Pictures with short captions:
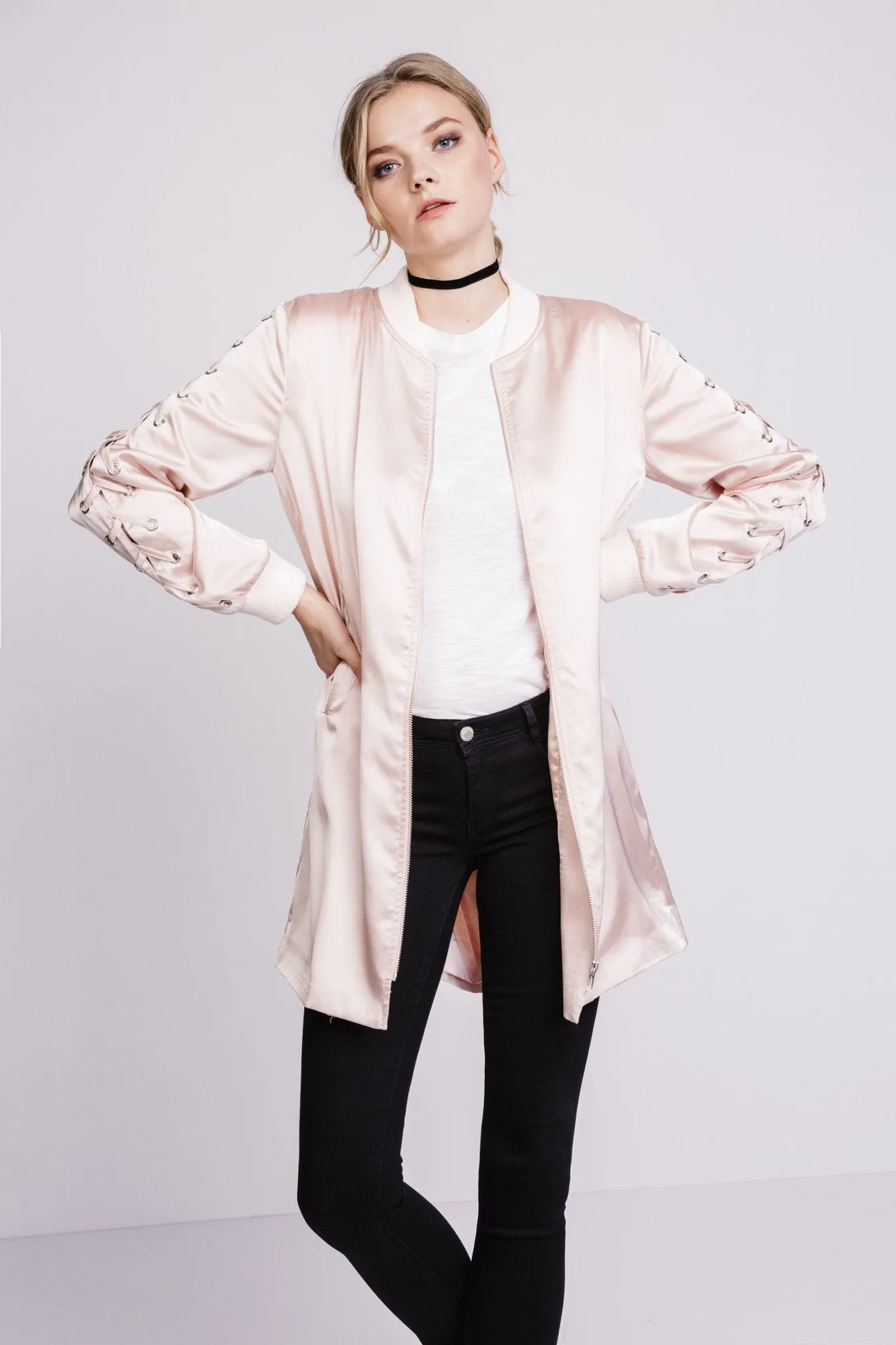 LONG LACE UP BOMBER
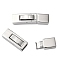 Tarnish Resistant 304 Stainless Steel Bayonet Clasps, Rectangle, Stainless Steel Color, 25x7x6mm, Hole: 3x5mm
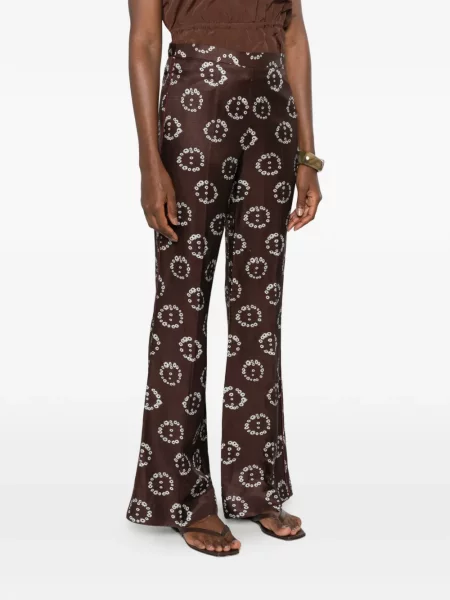 Pantaloni palazzo Sandro cu model floral cu imagine maro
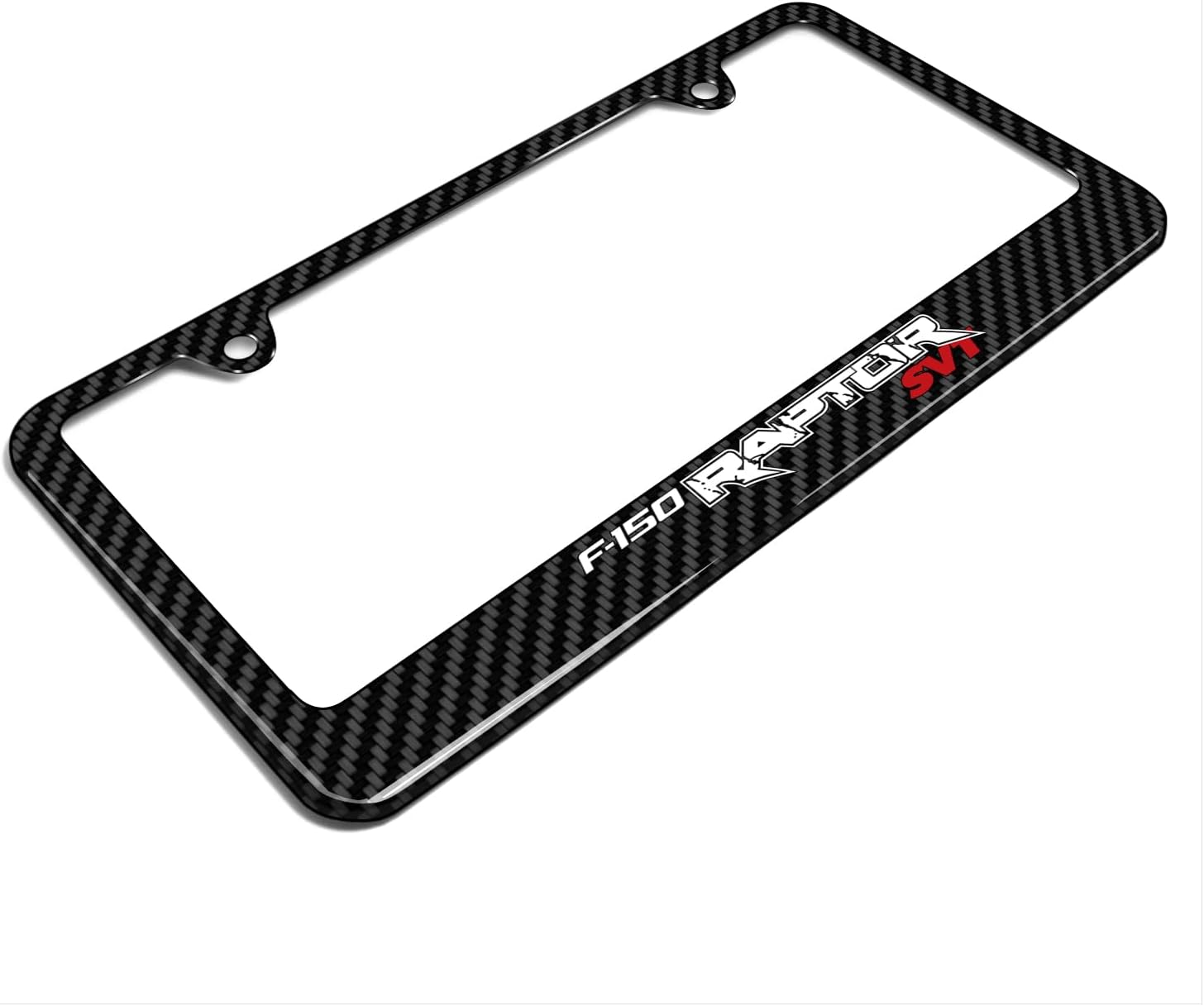 iPick Image for Ford F-150 Raptor SVT Black Carbon Fiber Look ABS Plastic License Plate Frame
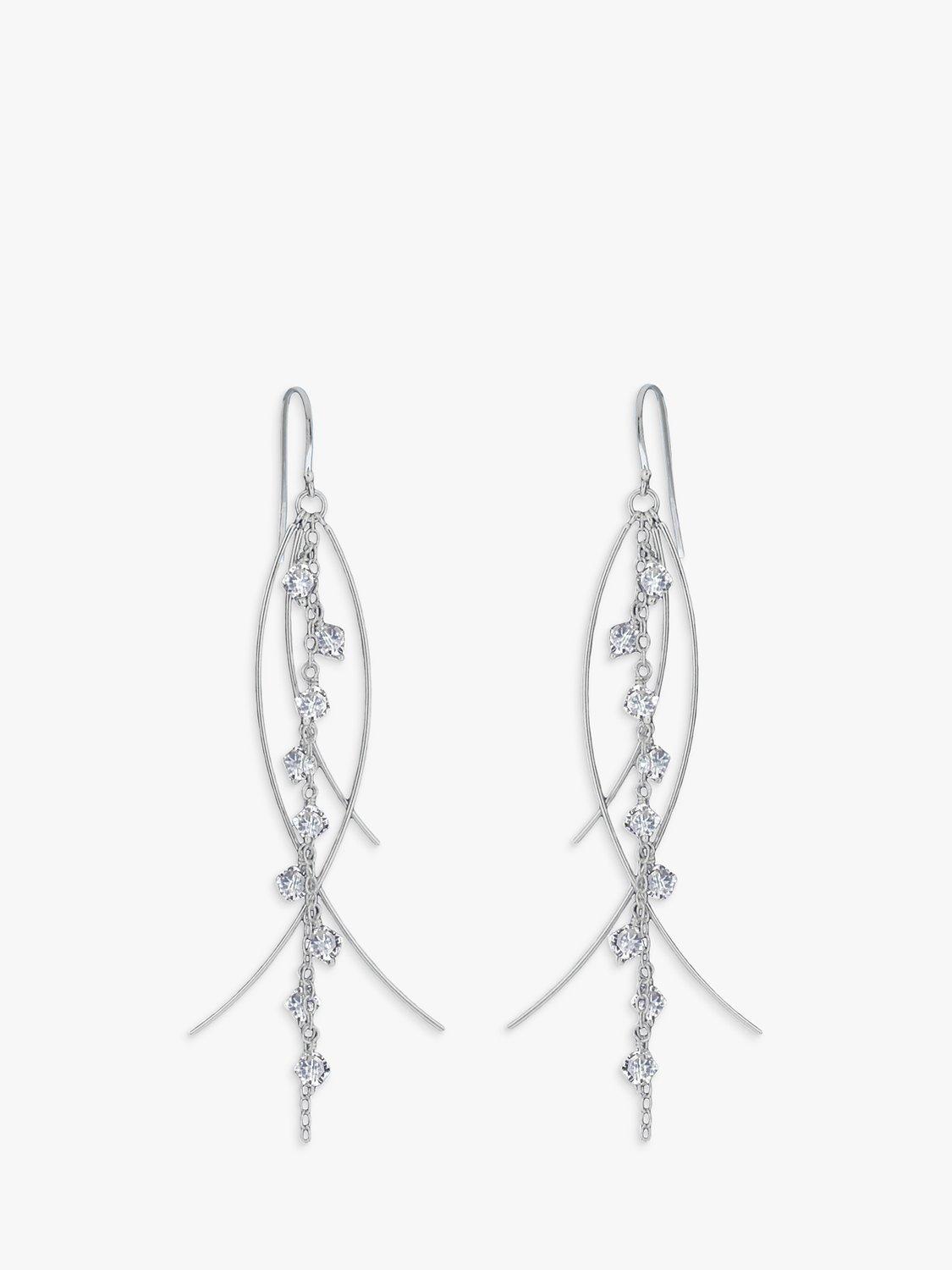 Product image 1 of 4, which shows Nina B Sterling Silver and Clear Crystal Drop Earrings, Silver/Clear
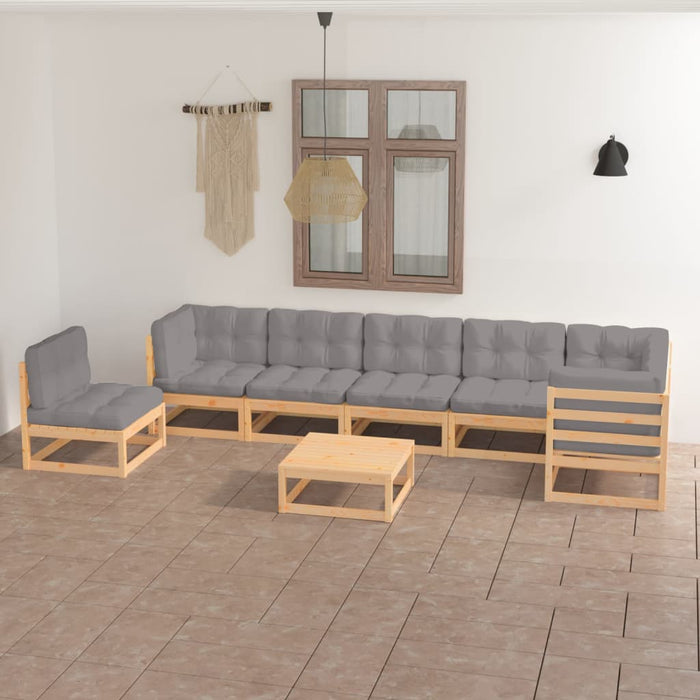 Set mobilier de grădină cu perne, 8 piese, lemn masiv de pin WALTI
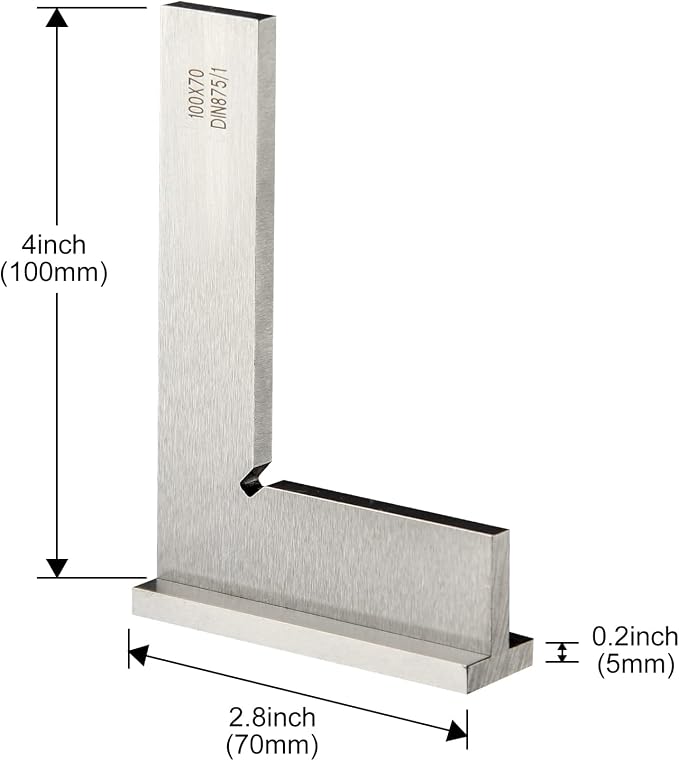 Precision Machinist Square 4 Inch Engineer Square 90 Degree Right Angle Ruler Ground Hardened Steel with Seat 4 x 2.8 Inch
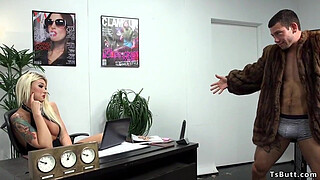 Huge tits blonde tranny Aubrey Kate has visit from her opponent in office and soon after she sucks his dick
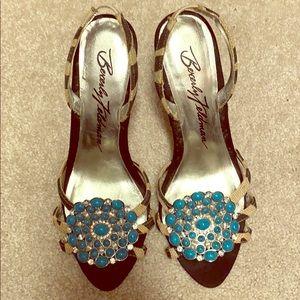 High heeled sandals with embellished toe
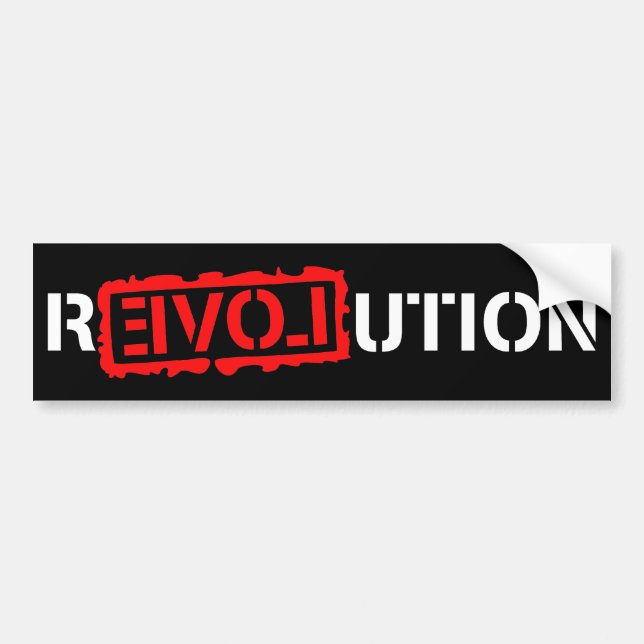 Revolution with love! bumper sticker (Front)
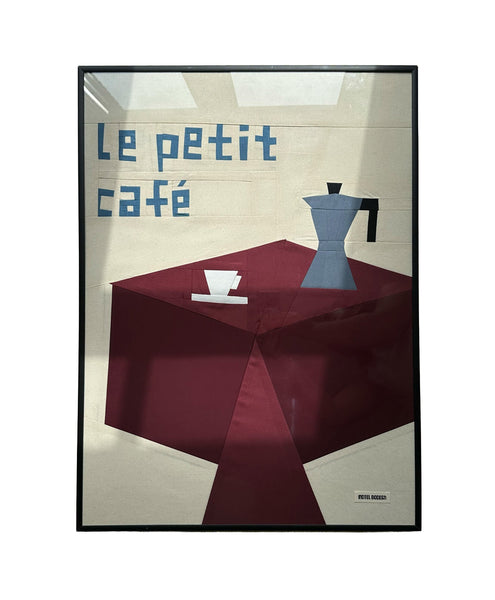 Le Petit Cafe Original Quilted Artwork in Frame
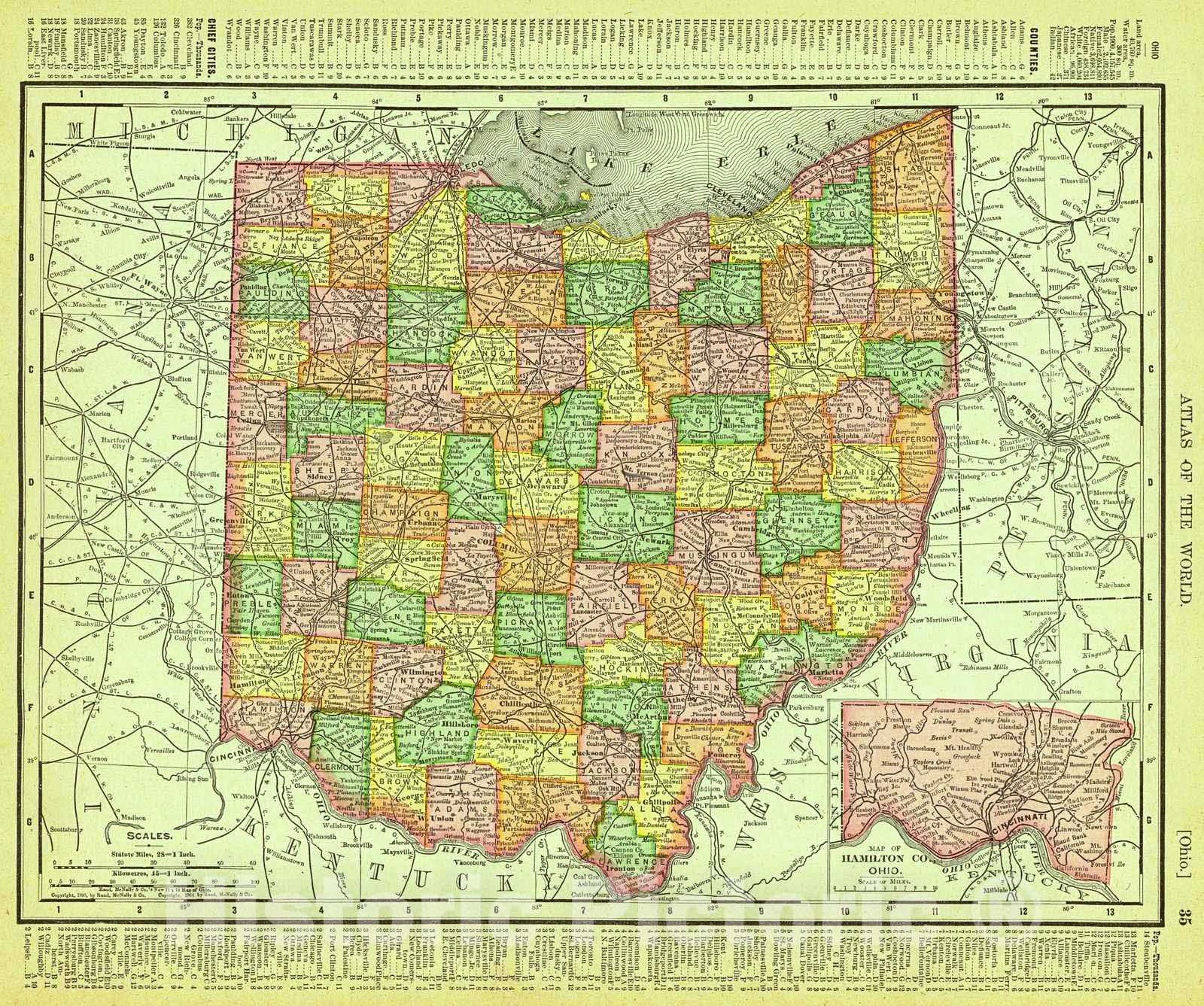 Historic Map : 1905 Ohio : Vintage Wall Art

What this task involves:
Word for word and without pictures, please write out only the lines from the start of the entries through the line containing "Huge tits blonde", both included.

Result below:
 LONG LACE UP BOMBER
 Tarnish Resistant 304 Stainless Steel Bayonet Clasps, Rectangle, Stainless Steel Color, 25x7x6mm, Hole: 3x5mm
 Pantaloni palazzo Sandro cu model floral cu imagine maro
 iPick Image for Ford F-150 Raptor SVT Black Carbon Fiber Look ABS Plastic License Plate Frame
 Product image 1 of 4, which shows Nina B Sterling Silver and Clear Crystal Drop Earrings, Silver/Clear
 Set mobilier de grădină cu perne, 8 piese, lemn masiv de pin WALTI
 Precision Machinist Square 4 Inch Engineer Square 90 Degree Right Angle Ruler Ground Hardened Steel with Seat 4 x 2.8 Inch
 Huge tits blonde tranny Aubrey Kate has visit from her opponent in office and soon after she sucks his dick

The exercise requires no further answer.